想起上学的事情,大山一下就沉默了,他跟着夜莺没精打采的走着,连夜莺看见蘑菇让他帮忙采一些,他都兴致阑珊的。
夜莺看着大山的小手拿着一块石头敲着一个蘑菇,她心头一动,走到大山身边,低头问他:“大山,怎么了?”
大山摇头,只闷着头,最后站起身来去摘着蘑菇,也不说话。
回去后,夜莺在不经意间听见大山的爸爸告诉大山家里暂时拿不出学费来,让他晚一年上学,大山哭了,不过没出声,一个人跑到屋子后面去抹眼泪。
孟河远伸手挠了挠脑袋,叹息了一声,最后一屁股坐在石板上,闷头不出声,山里的野味越来越不好打了,他也在想到了大山这一代人手里,还能有多少野味?
夜莺没有说话,那天下午她带着大山一起爬最高的一座山,她告诉大山,外面的世界很精彩,但是属于强者的,要想成为强者,是要付出代价来的。
“夜夜,我什么代价都可以付出,我要成为象你一样的强大。”大山坚定的视线看着远处,他的身体不过刚到夜莺的腰,粗壮的象一棵小松树苗。
夜莺笑了,她看着大山,突然身影就跃了起来,从一块石头上落到两米之外另一块石头上,她回头看着大山,给了他一个鼓励的微笑。
“来吧,大山,让我看看你的耐力。”
“夜夜,我不会输给你的。”大山兴奋的也跃了起来,就想夜莺那样,屈膝,弓腰,然后跃起,爆发力在一瞬间让他的身体腾空间而起,然后落在了两快石头之间,摔了个狗啃泥。

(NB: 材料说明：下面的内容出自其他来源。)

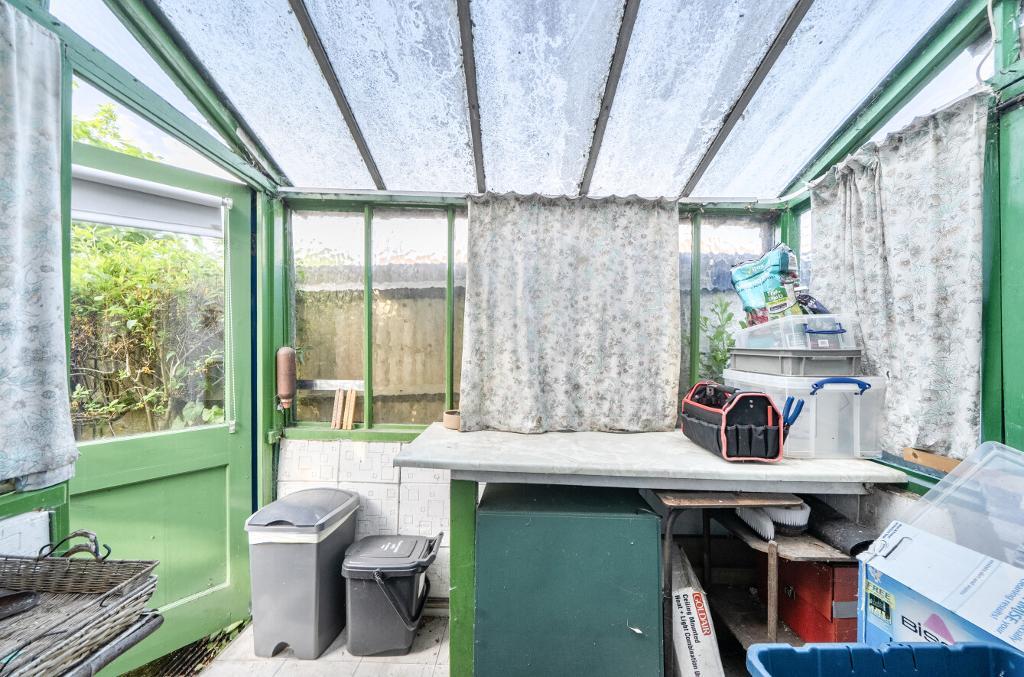 2 Bedroom Detached Bungalow for Sale in Sanderstead, CR2 8RF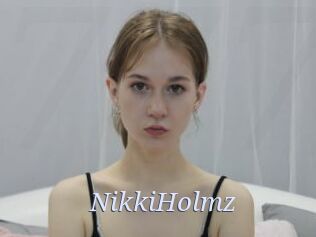 NikkiHolmz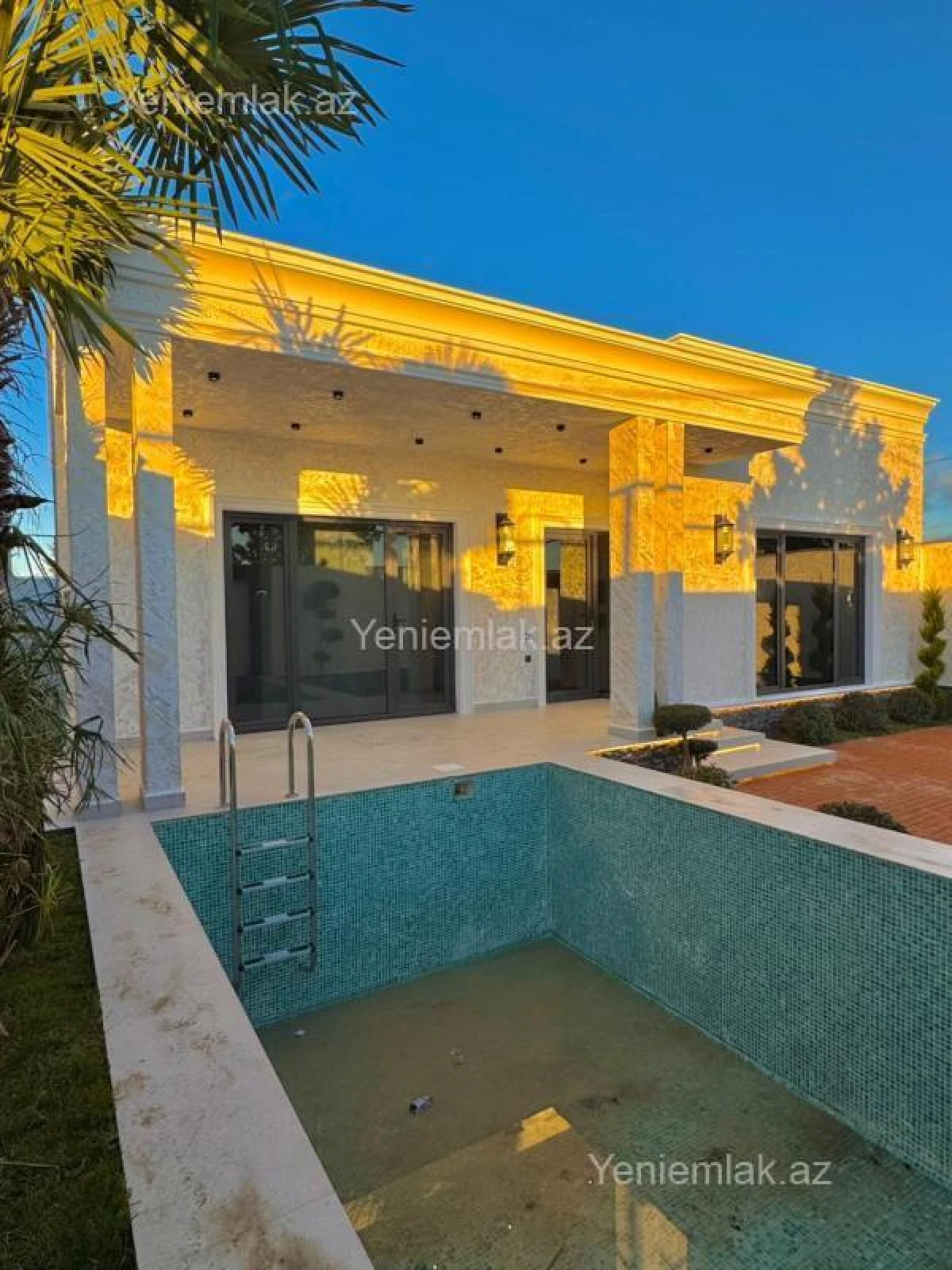 Satılır 4 otaqlı həyət evi 150 m²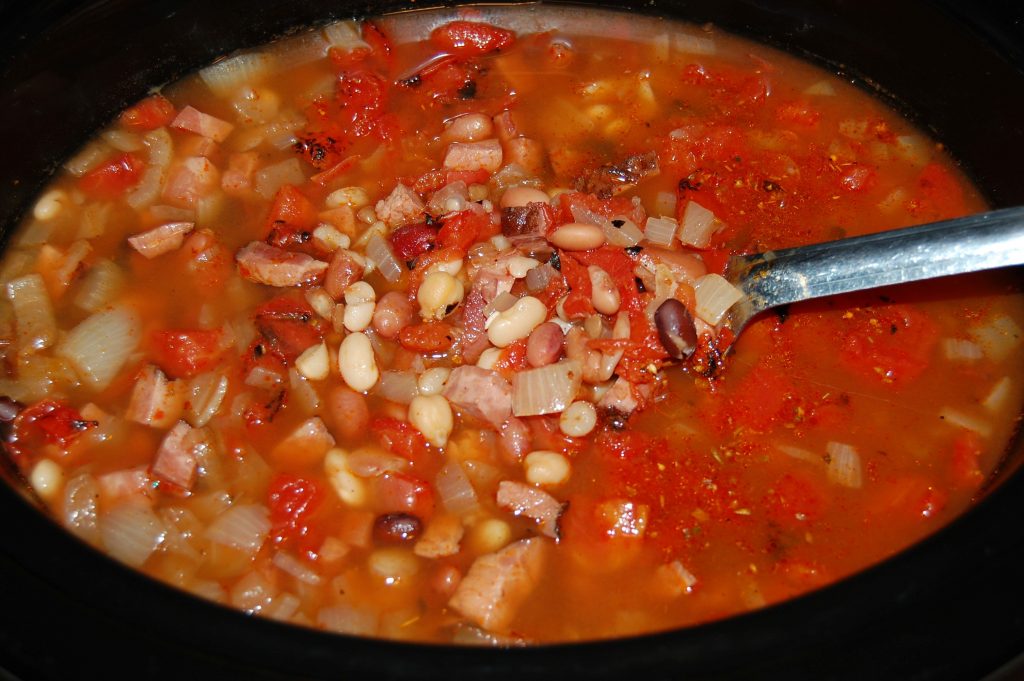 Crock Pot Beans and Ham Soup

夜莺没有等大山,而是拔身而起,继续的跳跃而去,她的速度不紧不慢,大山每次都在要追上的时候又被夜莺落下去。大山也不气馁,就这样的跟着夜莺,翻越着一座一座山头,直到日落时分才回到那个在山腰的房屋里。
孟河远看着大山气喘吁吁的样子,以为他又到哪里皮去了,怒其不争,大山委屈的回头看了一眼夜莺,夜莺也不为他辩驳,只是若有所思的看着外面。
大山在晚饭后,身体的酸疼终于恢复了点,他爬到在屋外坐着的夜莺身边低声的问着:
“夜夜,你是不是要走了?”
“为什么这么问?”
“感觉,夜夜,你别走,以后等我长大了,我娶你好不好?”大山说的认真无比,一双比月亮还明亮的眼睛看着夜莺,似乎很是着急让夜莺答应。
夜莺摇头,忍不住笑了,她后来察觉大山是认真的,她不禁愕然:“大山,你还小,等你以后长大了,会遇见更多美丽的女孩子,到时候你会遇见自己喜欢的。”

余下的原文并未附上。